__About this exercise__: Beginning with the line that contains "A Large Longwy", retype the entries below exactly, ending with the line that contains "Nevada Northern Railway". Leave out any pictures.

__Records for this task__:
((
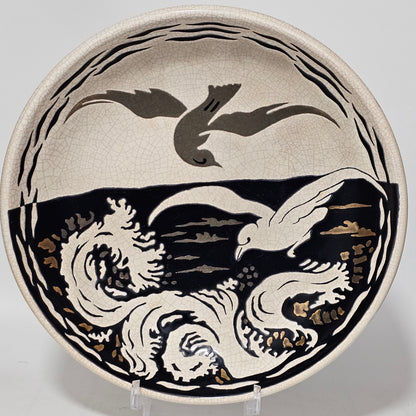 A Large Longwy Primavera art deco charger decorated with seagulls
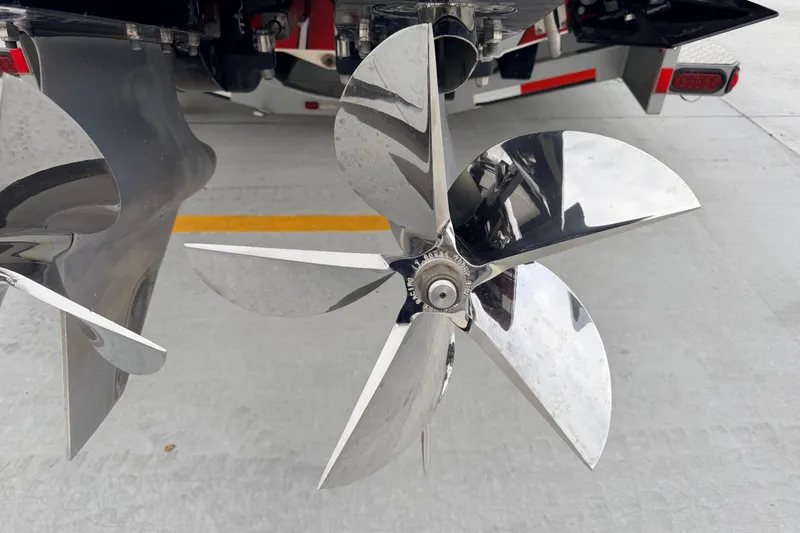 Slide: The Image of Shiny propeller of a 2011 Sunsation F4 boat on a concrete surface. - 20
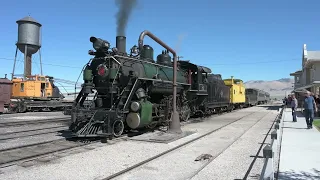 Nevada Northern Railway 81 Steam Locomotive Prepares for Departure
))
((
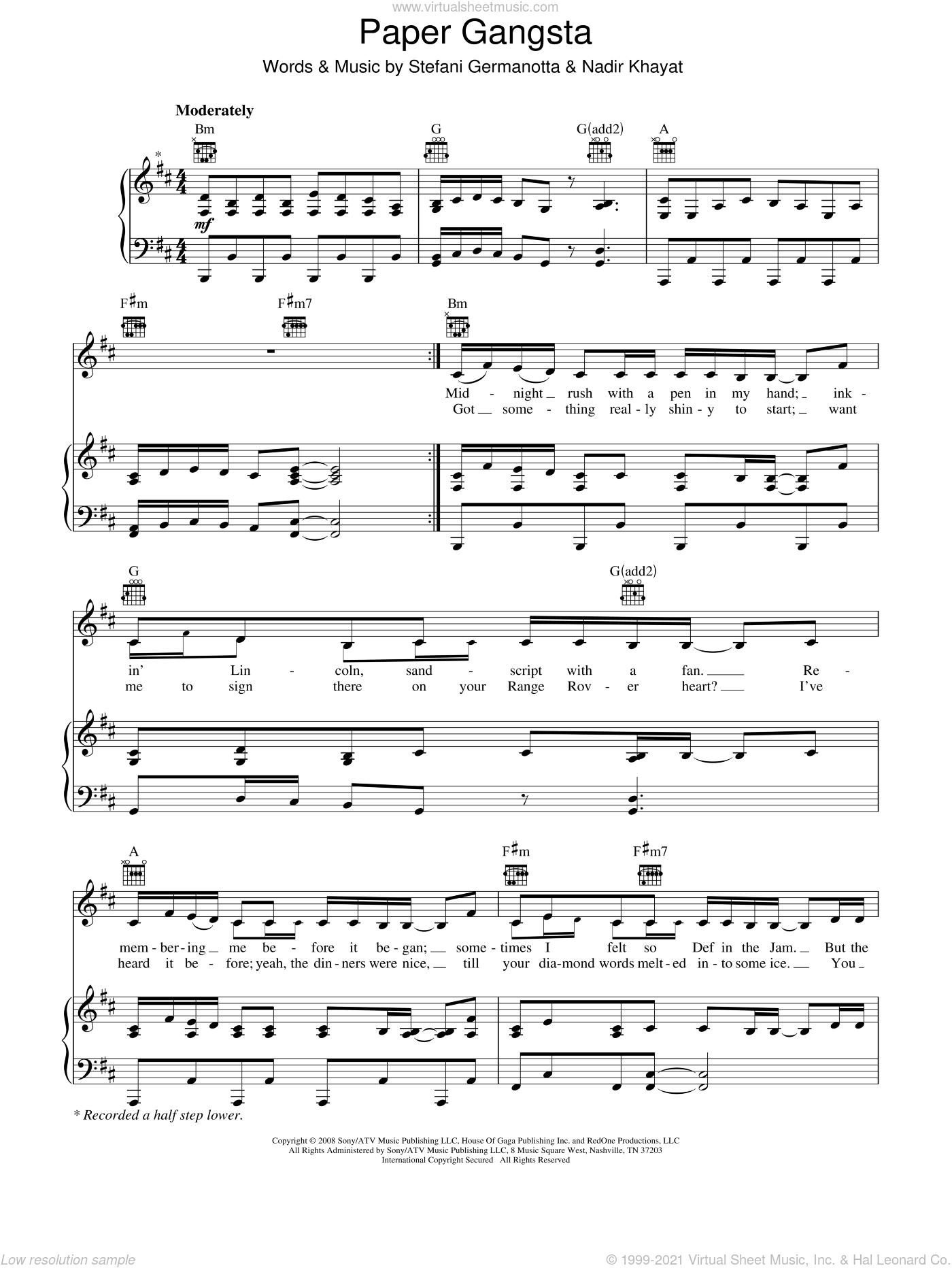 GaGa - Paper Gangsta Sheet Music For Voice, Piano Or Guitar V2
))
((
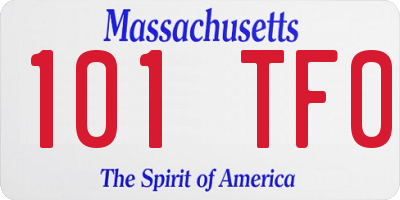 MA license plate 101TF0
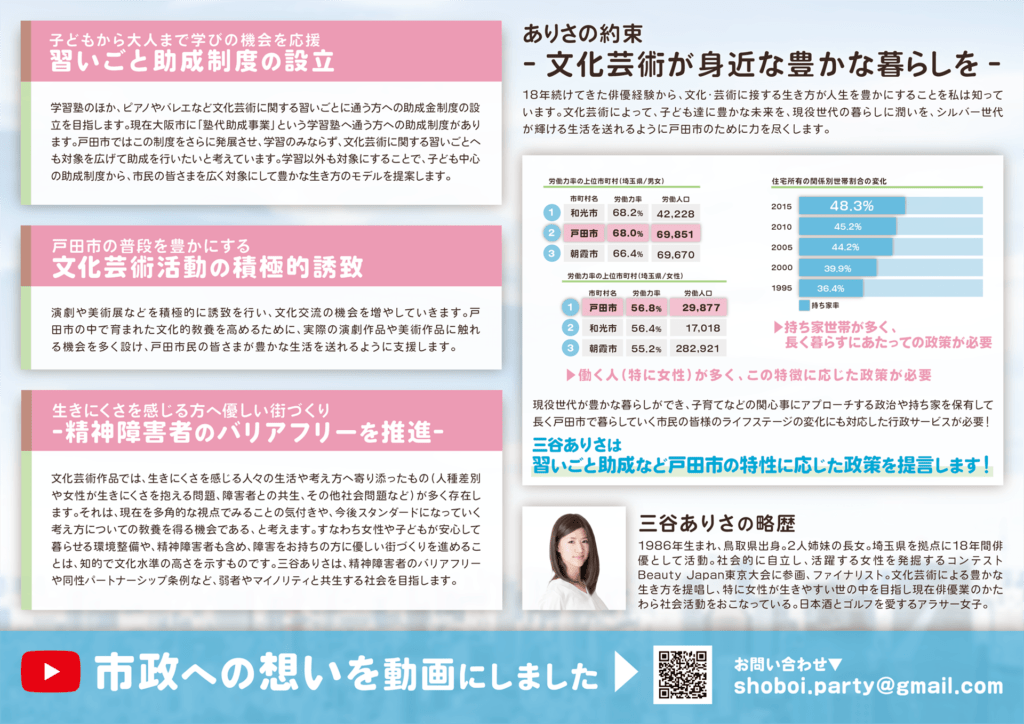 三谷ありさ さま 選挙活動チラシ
))
__Answer box__:
 A Large Longwy Primavera art deco charger decorated with seagulls
 Slide: The Image of Shiny propeller of a 2011 Sunsation F4 boat on a concrete surface. - 20
 Nevada Northern Railway 81 Steam Locomotive Prepares for Departure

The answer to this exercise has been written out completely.